Muldis D Text (with the data to match on hard-coded):

     procedure proc1 (Relation &$result) {
         main {
             inn.selfoo( &result => $result, foo => $fed.data.db1.foo );
         }
         inner_updater selfoo (Relation &$result, Relation $foo) {
             $result := ($foo matching Relation:{ { name => 'John' } });
         }
     }

or, with the data to match on in a bind var:

     procedure proc1 (Relation &$result, Text $name) {
         main {
             inn.selfoo( &result => $result,
                 foo => $fed.data.db1.foo, name => $name );
         }
         inner_updater selfoo
                 (Relation &$result, Relation $foo, Text $name) {
             $result := ($foo matching Relation:{ { name => $name } });
         }
     }

or:

     procedure proc1 (Relation &$result, Relation $filter) {
         main {
             inn.selfoo( &result => $result, foo => $fed.data.db1.foo,
                 filter => $filter );
         }
         inner_updater selfoo
                 (Relation &$result, Relation $foo, Relation $filter) {
             $result := ($foo matching $filter);
         }
     }

==========

SQL:

     SELECT COUNT(*) FROM foo
     WHERE name = 'John' AND ( title = 'Mr' OR abbrev = 'Dr' )

Muldis D Text:

     procedure proc1 (NNInt &$count) {
         main {
             inn.selfoo( &count => $count, foo => $fed.data.db1.foo );
         }
         inner_updater selfoo (NNInt &$count, Relation $foo) {
             $count := (cardinality of ($foo where F->inn.filter));
         }
         inner_function filter (Bool <-- Tuple $topic) {
             (($topic.name === 'John')
                 and (($topic.title === 'Mr') or ($topic.abbrev === 'Dr')));
         }
     }

==========

SQL:

     SELECT COUNT(DISTINCT(*)) FROM foo
     WHERE ( name = 'John' AND title = 'Mr' ) OR abbrev = 'Dr'

Muldis D Text:

     # Note: Above DISTINCT not translated as all ops are set-based. #

     procedure proc1 (NNInt &$count) {
         main {
             inn.selfoo( &count => $count, foo => $fed.data.db1.foo );
         }
         inner_updater selfoo (NNInt &$count, Relation $foo) {
             $count := (cardinality of ($foo where F->inn.filter));
         }
         inner_function filter (Bool <-- Tuple $topic) {
             ((($topic.name === 'John') and ($topic.title === 'Mr'))
                 or ($topic.abbrev === 'Dr'));
         }
     }

==========

SQL:

     SELECT foo, bar, baz FROM foo ORDER BY bar, baz DESC GROUP BY 1,3,2

Muldis D Text:

     # Note: Above GROUP BY not translated as it's a no-op. #

     procedure proc1 (Array &$result) {
         main {
             inn.selfoo( &result => $result, foo => $fed.data.db1.foo );
         }
         inner_updater selfoo (Array &$result, Relation $foo) {
             $result := (array from ($foo{foo,bar,baz})
                 ordered using F->inn.sortf);
         }
         inner_function sortf (Order <-- Tuple $topic, Tuple $other) {
             Order_reduction( Array:[
                 ($topic.bar <=> $other.bar),
                 ($other.baz <=> $topic.baz)
             ] );
         }
     }

==========

SQL:

     SELECT * FROM ( SELECT 1 ) AS foo

Muldis D Text:

     function func1 (Relation <--) {
         $foo = Relation:{ { attr1 => 1 } };
         $'' = $foo;
     }

==========

SQL:

     INSERT INTO foo ( col1, col2 ) VALUES ( 1, 3 )

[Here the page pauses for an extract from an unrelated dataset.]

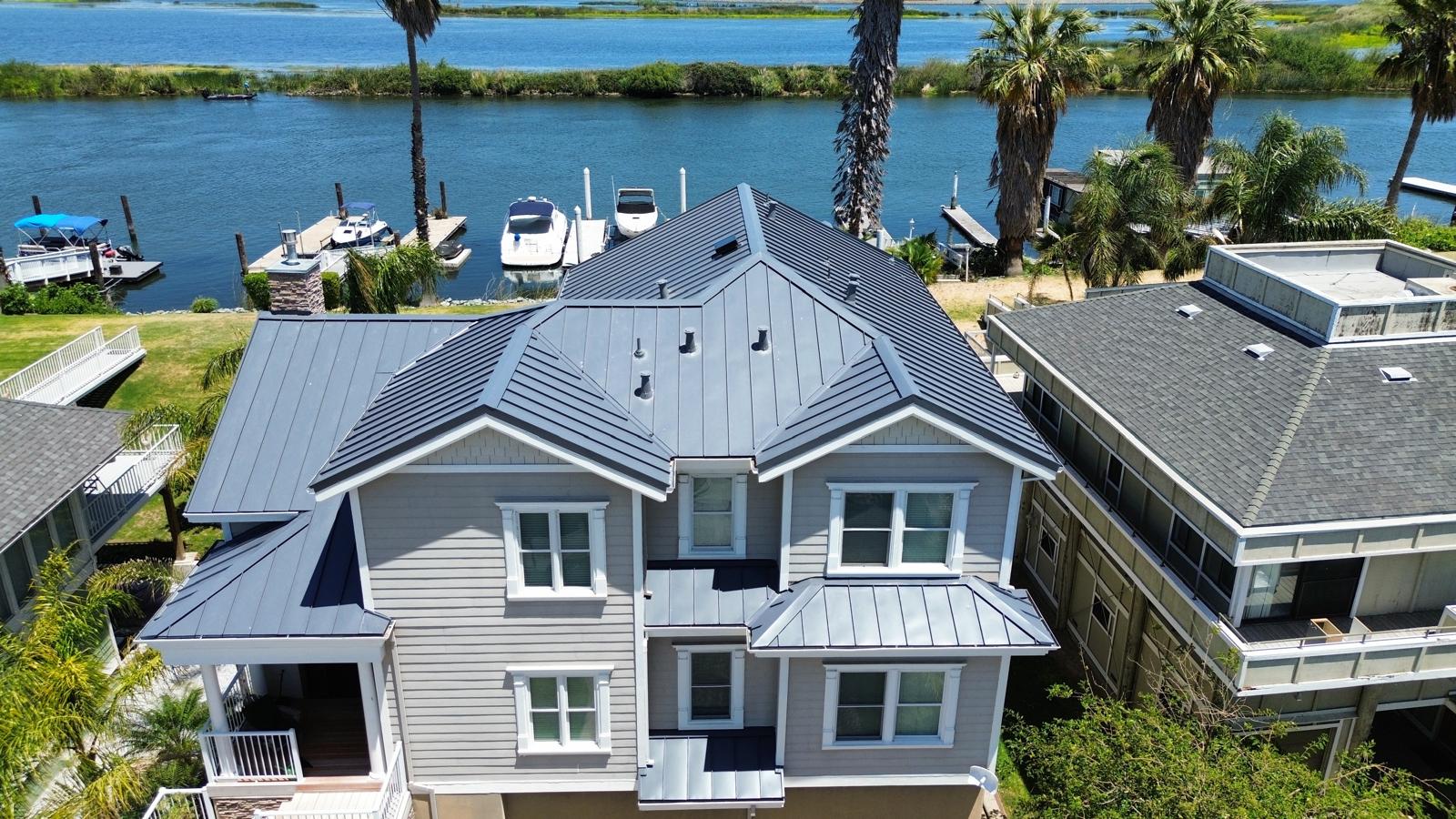 WhatsApp Image 2026-02-18 at 00.18.09 (4)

Muldis D Text (with data to insert hard-coded):

     procedure proc1 () {
         main {
             inn.do_insert( &foo => $fed.data.db1.foo );
         }
         inner_updater do_insert (Relation &$foo) {
             assign_insertion( &r => $foo,
                 t => Tuple:{ col1 => 1, col2 => 2 } );
         }
     }

or, with the data to insert as a bind var:

     procedure proc1 (type.tuple_from.var.fed.data.db1.foo $t) {
         assign_insertion( &r => $fed.data.db1.foo, t => $t );
     }

==========

SQL:

     INSERT INTO foo ( col1, col2 ) VALUES ( 1, 3 ), ( 2, 4 )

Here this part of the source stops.